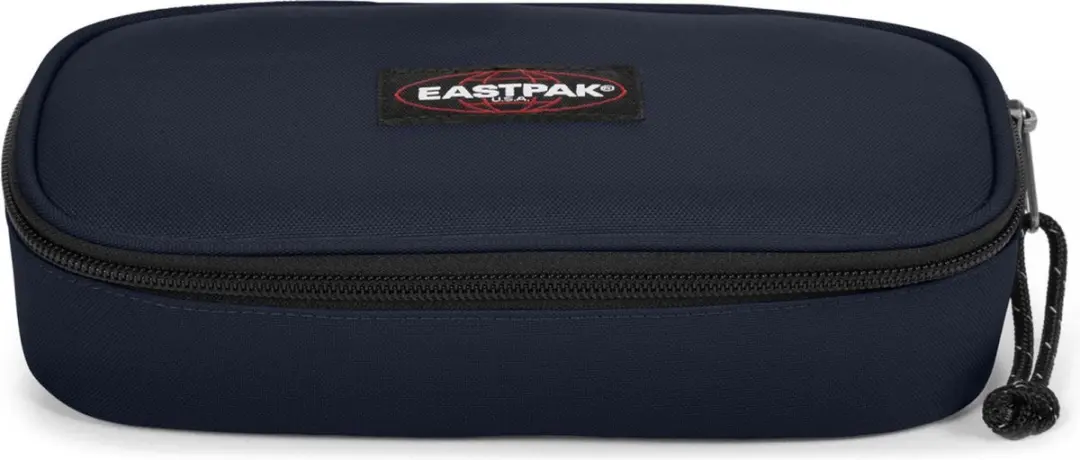 Eastpak Oval Single Etui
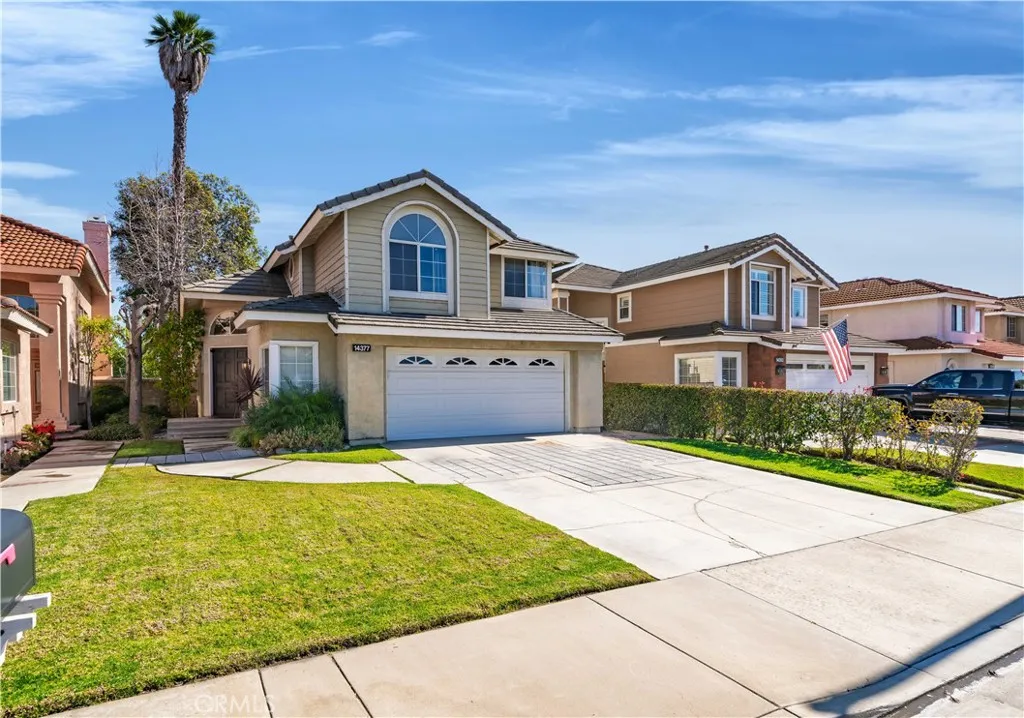 14377 Autumn Hill, Chino Hills, California 91709 home-pic-2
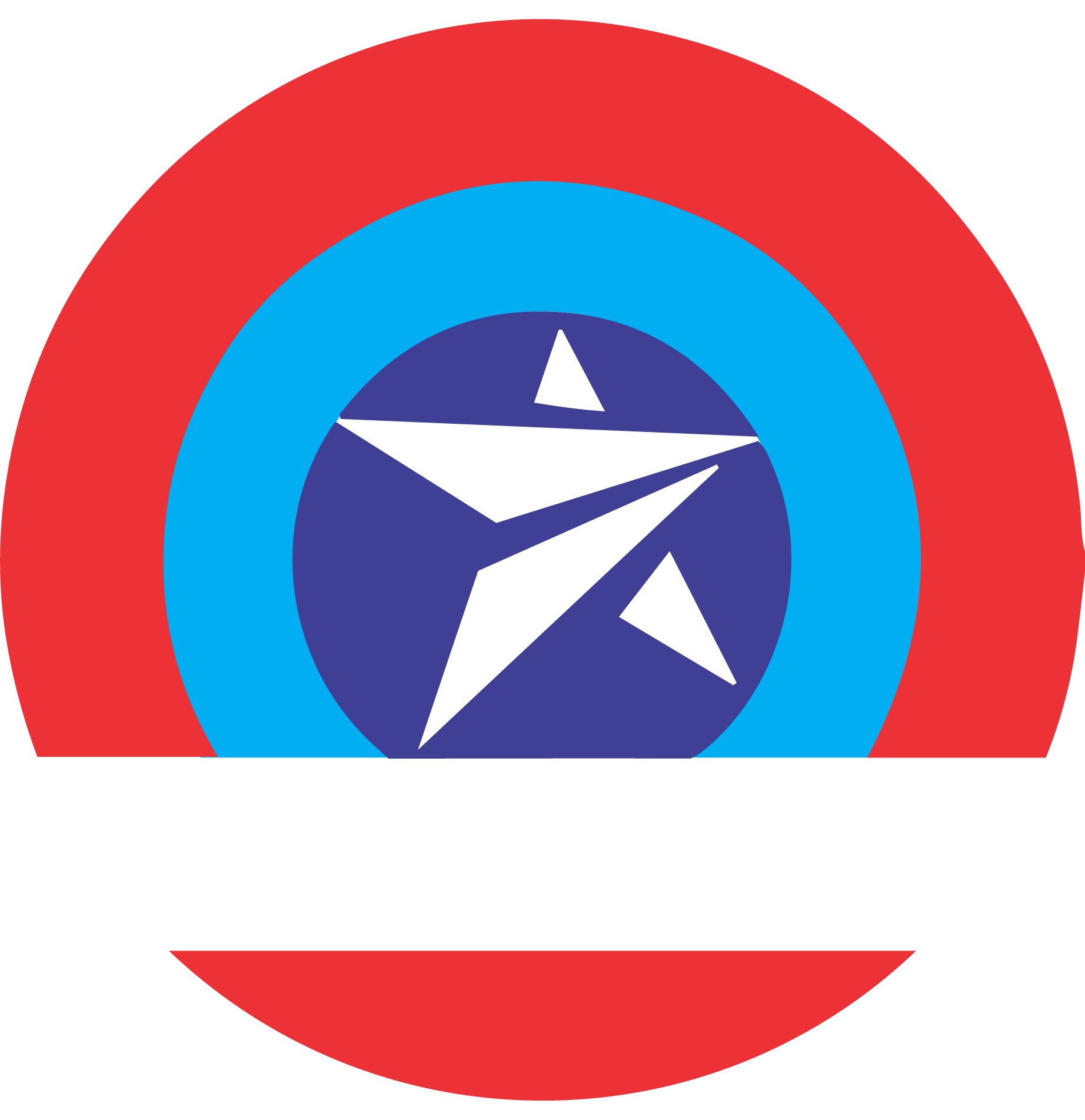 Target Logo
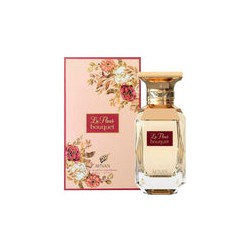 La Fleur Bouquet de Afnan edp 100 ml para Mujer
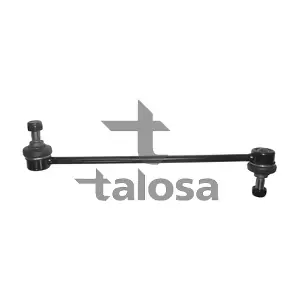 TALOSA 50-08388
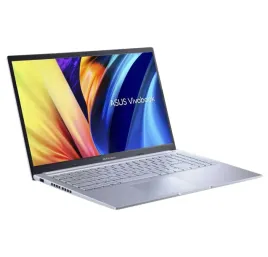 asus-vivobook-15-x1502va-bq681w-i5-13420h-15-6fhd-ips-level-panel-60hz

> [ASSIGNMENT]:
Return the material as it stands. Leave out the pictures.

> [EXERCISE RESPONSE]:
 Eastpak Oval Single Etui
 14377 Autumn Hill, Chino Hills, California 91709 home-pic-2
 Target Logo
 La Fleur Bouquet de Afnan edp 100 ml para Mujer
 TALOSA 50-08388
 asus-vivobook-15-x1502va-bq681w-i5-13420h-15-6fhd-ips-level-panel-60hz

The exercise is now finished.